Sergio Rodríguez Gelfenstein, Mision Verdad 20 gennaio 2022
Come negli anni ’70 e ’80, quando America Latina e Caraibi lottavano per scrollarsi di dosso le dittature della sicurezza nazionale instaurate da Washington, il movimento popolare nella regione discuteva l’orientamento politico e ideologico dei combattimenti contro neoliberismo ed imperialismo. Va detto che questo è molto più di un dibattito teorico.
Sebbene ora la situazione sia diversa, tenuto conto dell’andamento dialettico degli eventi, ancora una volta le forze rivoluzionarie si trovano ad affrontare la ricerca di soluzioni riformiste alla crisi.
Questo pensiero è raggruppato sotto le idee di fare politica “per quanto possibile” o la soddisfazione di aver portato al potere il “male minore”. L’uno e l’altro nascondono l’incapacità dei settori politici più avanzati della società di superare le difficoltà che portano a costruire un’alternativa popolare e rivoluzionaria. Nessuno potrà dire che ciò avvenga a causa dell’abbandono dei popoli della lotta per la democrazia, pace ed uguaglianza. È molto facile accusare i popoli quando in realtà furono certe élite politiche a paralizzare i processi.
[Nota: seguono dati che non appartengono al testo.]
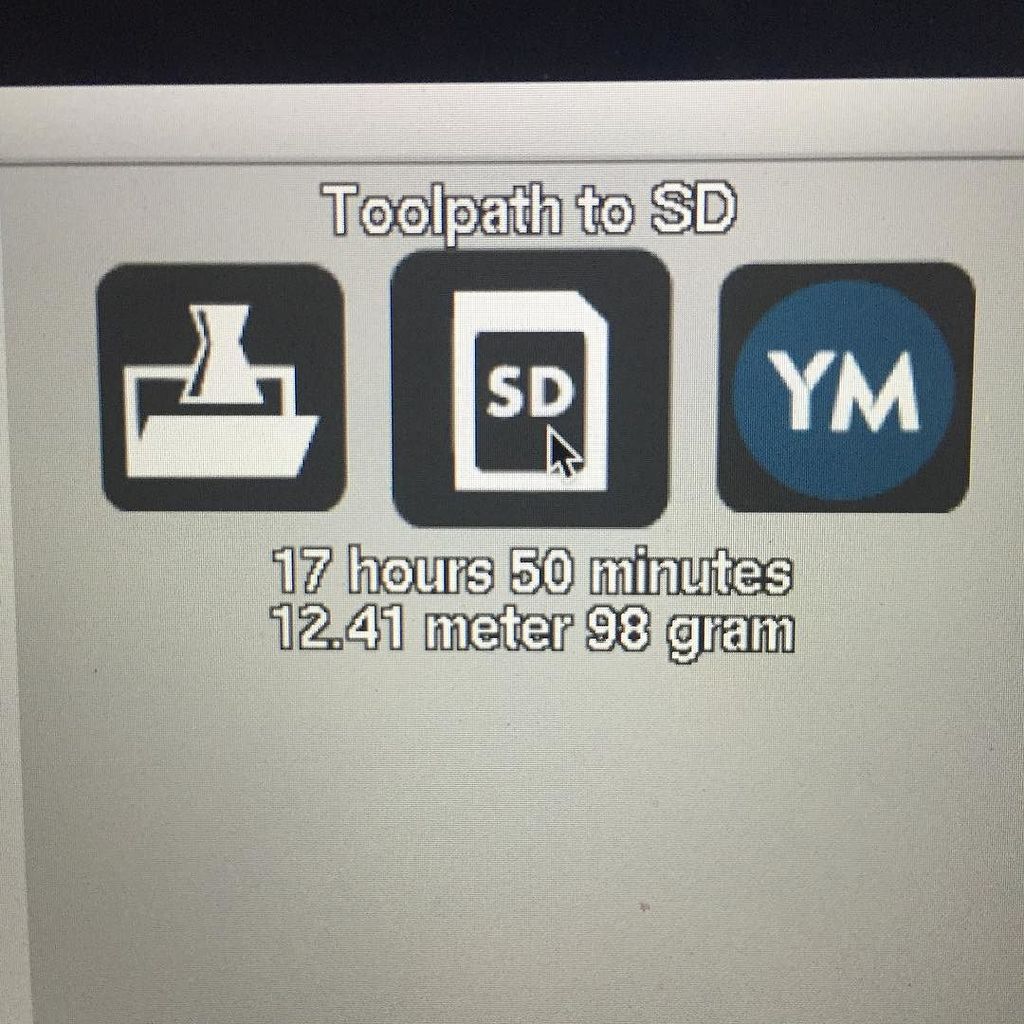 iliketomakestuf's tweet photo. About to attempt my longest 3D print yet. Lots of room for failure in 18 hours, but if it works..... #iltms #iliket… https://t.co/0prsTjV3Uk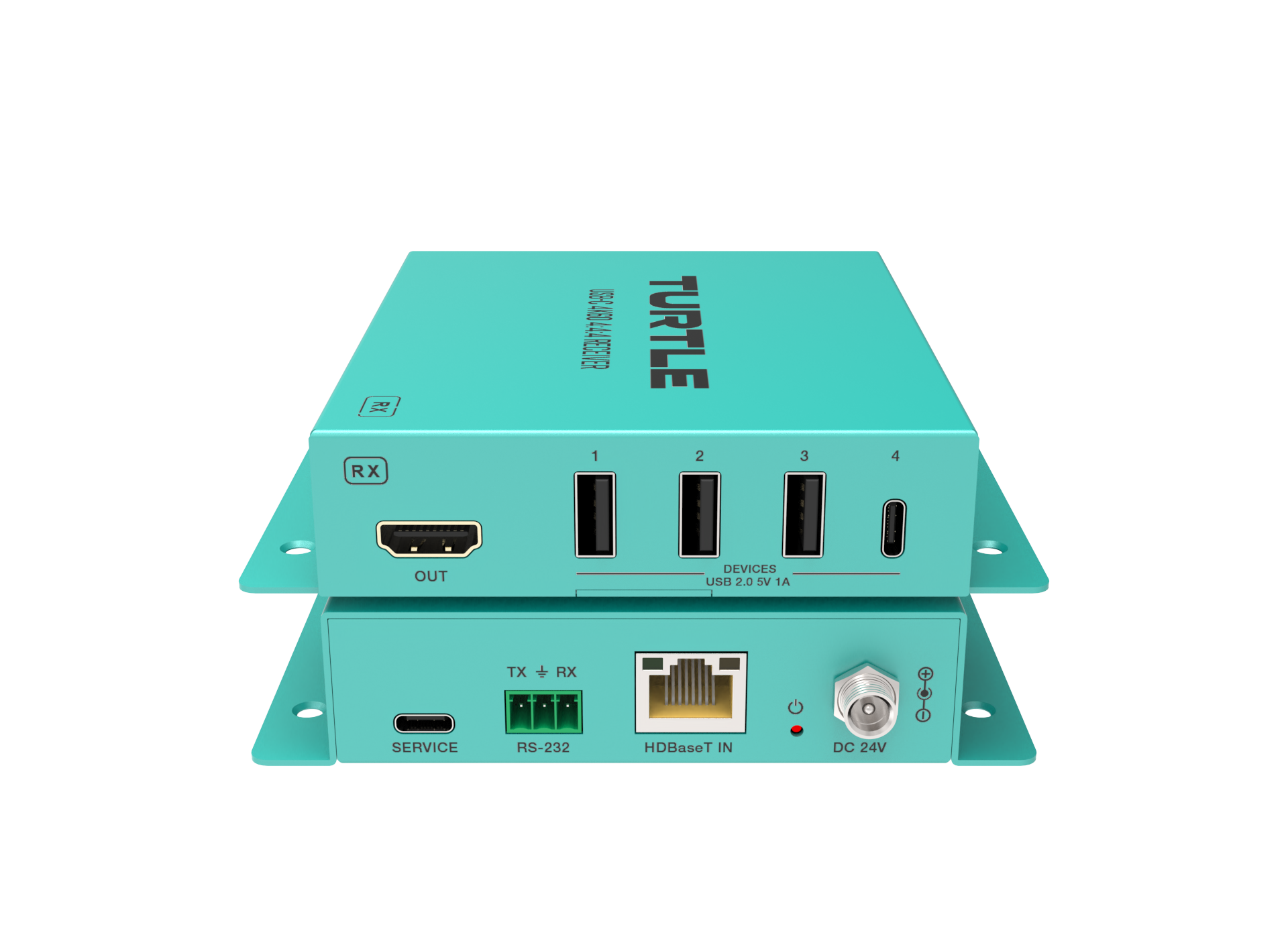 Turtle AV USB-C 4K60 Ports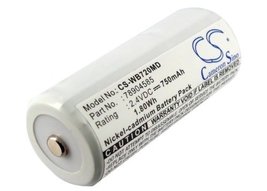 Cameron Sino 750mAh/1.8Wh Replacement Battery for Welch-Allyn 70715 - $21.64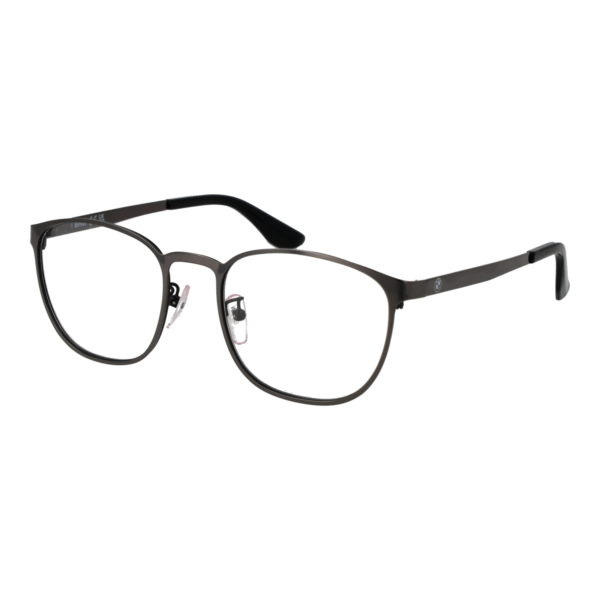 BMW Brille BW5076-H 53091 – 45° Seitenansicht BMW )} Brille BW5076-H 53091 in Gunmetal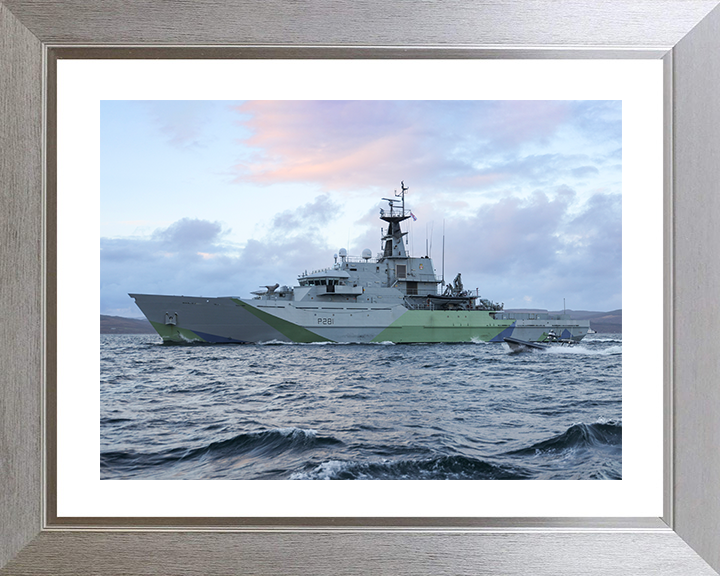 HMS Tyne (P281) Photo Print - With USV 2025 - Royal Navy River Class Patrol Vessel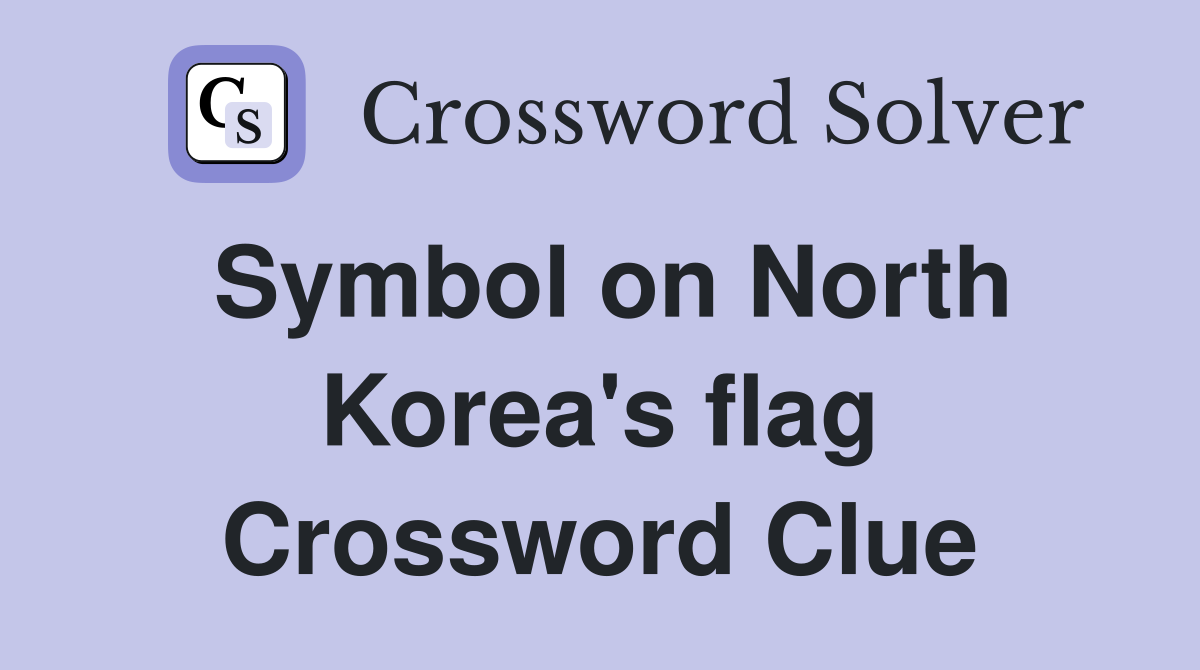 Symbol on North Korea's flag Crossword Clue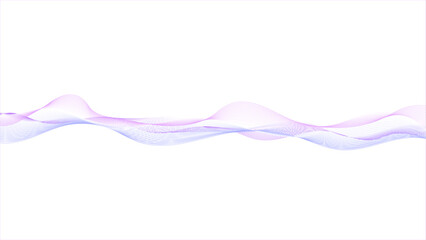 Wall Mural - abstract pink wave lines pattern for banner, wallpaper background. abstract blue wave lines on trans
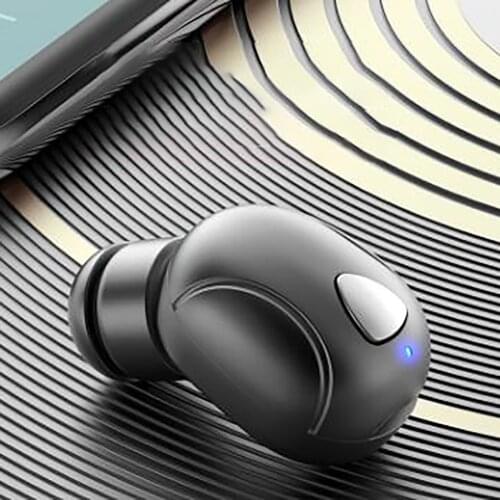 Single Bluetooth Earphones In-ear Business Bluetooth Headset Ear Stereo Earbud Sports Long Standby Wireless Headphone For Phones
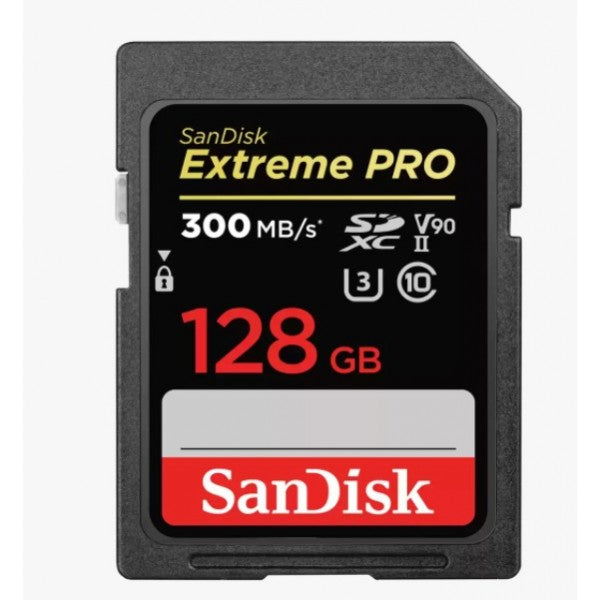 SanDisk SDSDXDK-128G-GN4IN 128GB Extreme PRO SDXC UHS-II Memory Card - Lifetime limited Warranty (LS) - Image 1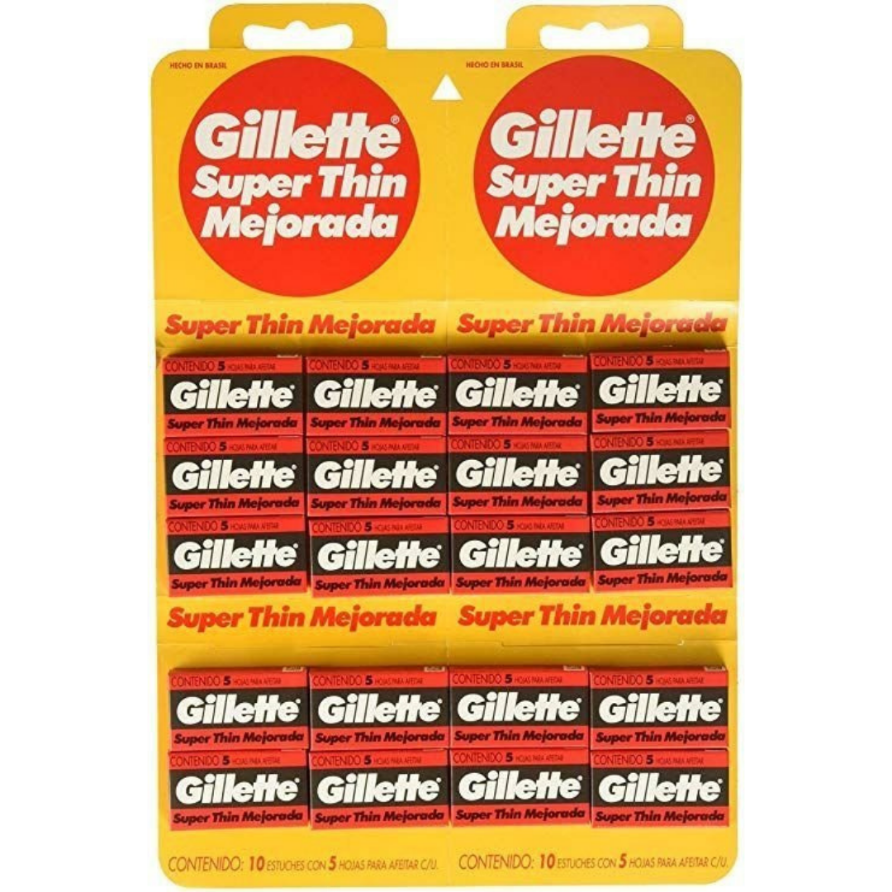 Hoja de Afeitar Gillette x5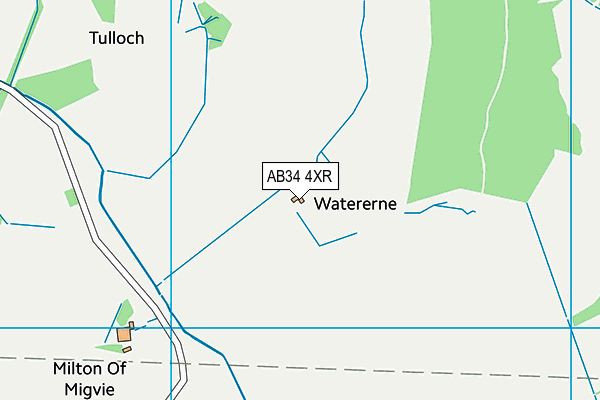 AB34 4XR map - OS VectorMap District (Ordnance Survey) AB34 4XR map - OS VectorMap District (Ordnance Survey)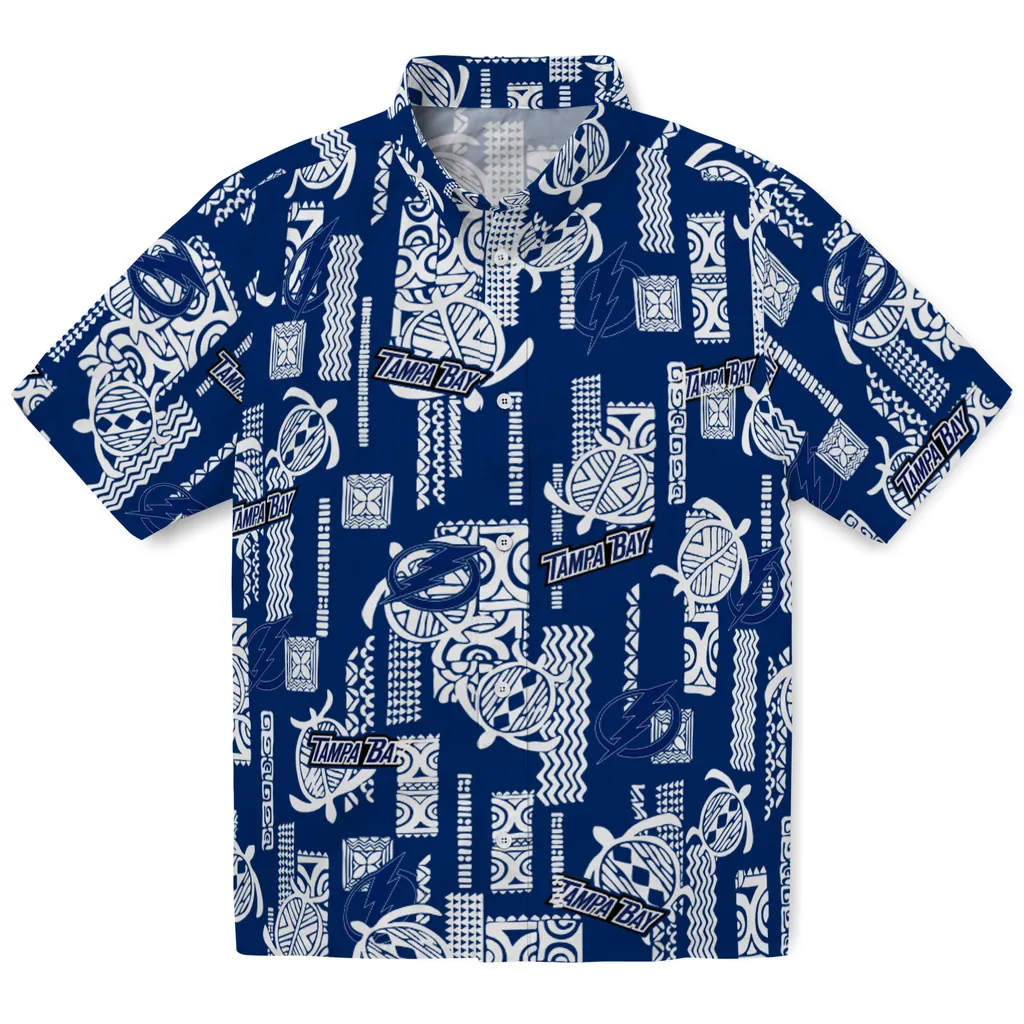 Tampa Bay Lightning Hawaiian Shirt - Turtle Lines tampa bay lightning turtle lines blue hawaiian shirts best selling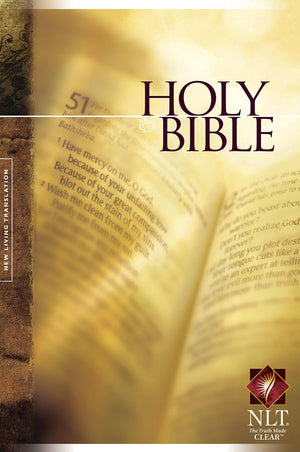 Holy Bible Text Edition NLT (Hardcover),Used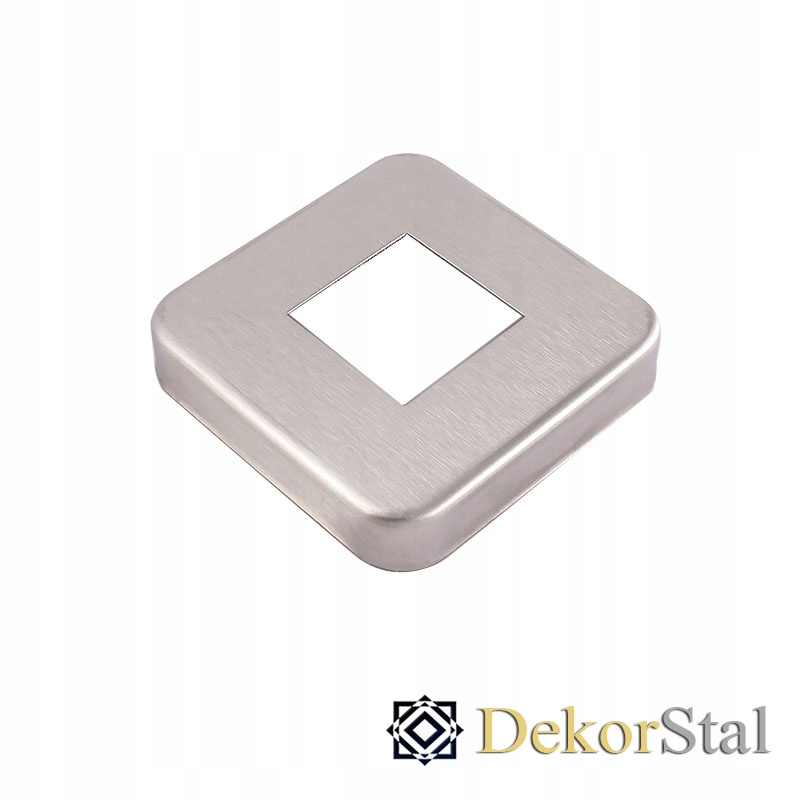 

Rozeta szlifowana 60 x 60 otwór 25 x 25 mm Inox
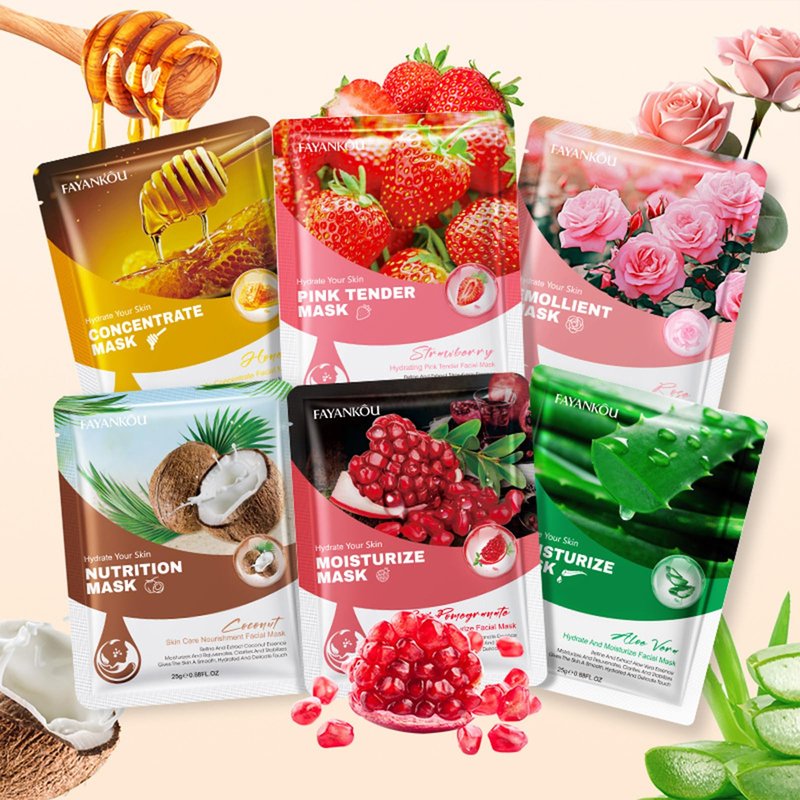 15 PCS Plant & Fruit Mask,Birthday Party Spa Gifts for Teens Girls,Bulk Collagen Face Mask for Women Skin Care,Facial Mask Skincare Gifts Set,Soothe Face Mask for Spa Party,Hydrate and whiten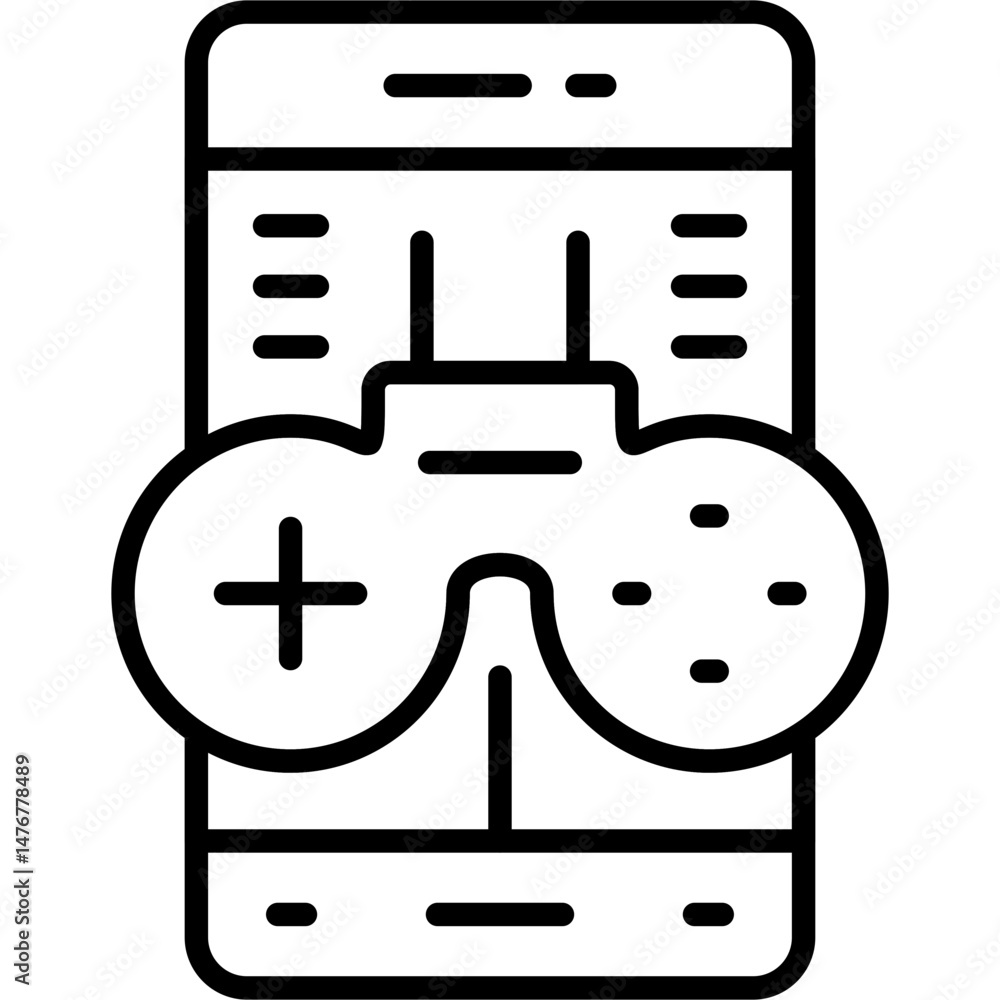 Mobile Game Icon Vector Element Mobile Game Icon Vector Element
È addirittura visibile quanto accaduto in questi anni nella regione, quando le organizzazioni di sinistra, una volta al governo, privilegiano le alleanze con la borghesia e la destra, spostando i settori popolari a un ruolo marginale come “oggetto” delle misure di governo. Nel caso del colpo di Stato contro Dilma Rousseff in Brasile, tale situazione era più che evidente. Dopo che la presidente prese le distanze dal movimento popolare, nessuno uscì a difendere il PT, il suo governo o lei stessa quando fu estromessa.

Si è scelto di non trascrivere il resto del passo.